If you consider Belgian art as a whole, a startling array of different masters, styles, media, and points of view become apparent. The evolution of Belgian art has been dynamic, and is characterized by dramatic shifts and developments.
It is not so surprising that Belgian art is characterized by sudden changes, in that Belgian art reflects the turbulence and upheavals of Belgian history. Belgium is a young nation that has been in existence since only 1830. But these 187 years are marked by seismic changes.
Our turbulent history has been shaped by industrial revolutions and colonial expeditions. The Belgian nation was born out of the violent period in Europe at the end of the 18th Century, and this inception has of course left its mark. The wars were followed by difficult years of economic, social, and political upheaval.

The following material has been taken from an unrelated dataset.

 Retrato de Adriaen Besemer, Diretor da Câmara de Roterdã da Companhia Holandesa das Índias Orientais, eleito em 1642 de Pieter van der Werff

However, Belgium got back on her feet and introduced both political and economic reforms. All of these events in our history have left their mark on our art.
In this exhibition, Belgian artworks from The Phoebus Foundation’s collection provide a glimpse of Belgian history and Belgian history of art. There is a particular focus on the artists’ own inspirations and preoccupations. The exhibition allows us to explore a number of questions. How did Belgian artists define ‘art’ and its role at different stages of Belgian history? Did contemporaneous events in Belgium influence Belgian artists’ understanding of art? How do present-day Belgian artists interpret this national history of art? The pertinent question is not so much what art is, or what ‘Belgian art’ is, but rather of what art has meant to Belgian artists throughout Belgian history.
The exhibition consists of art from the collection of The Phoebus Foundation, supplemented by loans from various artists.
The ground floor is entirely devoted to temporary exhibitions of guest artists’ work. The first guest artist will be Lindert Paulussen (www.lindertpaulussen.com).